Devant une charge aussi rude que frontale l’ancien Premier ministre du Mali, connu pour son impassibilité, a à peine marqué le coup. Accueillant les questions avec sérénité, il s’est efforcé d’apporter les explications qu’attendait le journaliste, sans toutefois jamais tomber dans le piège du discours pro-domo, et de vouloir défendre une position personnelle. La tentation était cependant assez forte. La subtilité avec laquelle Modibo Sidibé a apporté son éclairage sur la situation du Mali ne satisfera certainement pas beaucoup de ses compatriotes, désireux de montrer du doigt celui ou ceux par la faute des quels le pays s’est effondré. Mais c’est parce qu’il n’y a pas un fautif à désigner. Modibo Sidibé a dit les causes conjoncturelles mais aussi structurelles de la défaillance de l’Etat depuis de longues années. Il a tenu à préciser que les faiblesses aujourd’hui reprochées à l’Etat du Mali, sont en réalité des faiblesses présentes à des degrés divers dans beaucoup d’Etats africains. Et si les djihadistes se sont installés au Mali et ont prospéré pendant ces dernières années, la faute en incombe certes au premier chef à l’Etat du Mali, mais également à l’absence de coopération avec les autres Etats de la sous-région, dont certains ne mesuraient pas assez les risques encourus par tous. La crise libyenne a eu le mérite de servir de révélateur de la véritable menace qui planait sur l’ensemble de la bande sahélo-saharienne, en ceci que la guerre que livre le Mali aujourd’hui et les menaces auxquelles tous les pays du champ font face à des degrés divers, sont la conséquence directe de la chute du leader libyen.

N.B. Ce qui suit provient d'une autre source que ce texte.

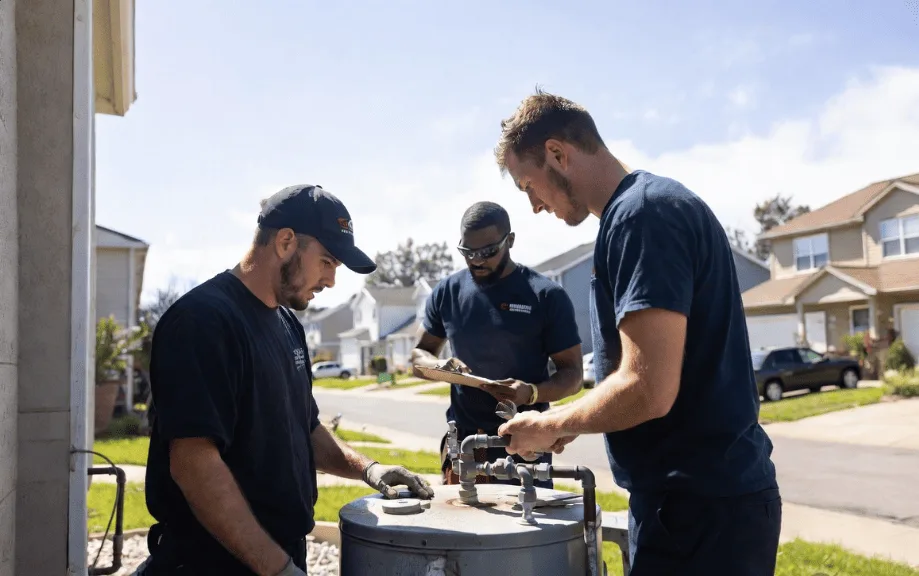 Water Heater Repair in Oakdale, CT near me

Construire l’avenir du Mali
Interrogé sur sa vision du futur du Mali, Modibo Sidibé s’est voulu résolument optimiste. Pas un optimisme de façade, mais l’expression de la volonté d’un acteur désireux de s’inscrire dans une dynamique de changement. Ainsi, refusant de commenter les péripéties des interpellations dont il a été l’objet à la suite du coup d’Etat du 22 mars 2012, il a fait la distinction nette entre un capitaine Sanogo avec lequel il n’a pas de compte particulier à régler, et l’armée malienne qui dans son essence se doit demeurer une armée républicaine. C’est avec une armée républicaine, pétrie de ses responsabilités, qu’il sera possible de reconstruire un Etat du Mali plus fort, avec des institutions fortes. Bien qu’ayant été arrêté plusieurs fois, Modibo Sidibé dit ne pas vouloir regarder dans le rétroviseur. Ce qui s’est passé s’est passé et le plus important aujourd’hui, selon lui, c’est de se projeter dans l’avenir en travaillant à la construction du Mali nouveau.
C’est cette volonté d’aller de l’avant qui lui fait redire son intention d’être candidat à la prochaine élection présidentielle. Conscient des difficultés nombreuses qui subsistent encore, Modibo Sidibé appelle l’ensemble des acteurs à discuter en toute transparence de ces difficultés, plutôt que de s’évertuer à soulever les obstacles sur la route des élections. En la matière, c’est la responsabilité de tous qui est engagée selon lui ; l’Etat ne pouvant se contenter de fixer une date butoir et les politiques dénoncer les difficultés. Le nouveau Mali devra, selon lui, réussir là où le Mali jusqu’à présent n’a pas réussi : impliquer davantage le citoyen. Selon Modibo Sidibé en effet, au Mali, nous avions gagné la République, gagné la démocratie, mais n’avions pas gagné le citoyen. C’est avec des citoyens conscients de leurs obligations et droits, fortement impliqués dans les affaires de la cité, qu’il nous sera possible de construire le Mali nouveau. Au sortir de cet exercice délicat, l’ancien Premier ministre Modibo Sidibé pourra se féliciter d’avoir entamé le chemin de vérité que les Maliens attendaient de lui. Le meilleur est sans doute à venir, quand il descendra dans l’arène politique, lui qui pendant toutes ces années, a été plutôt un haut technocrate au service de la Nation.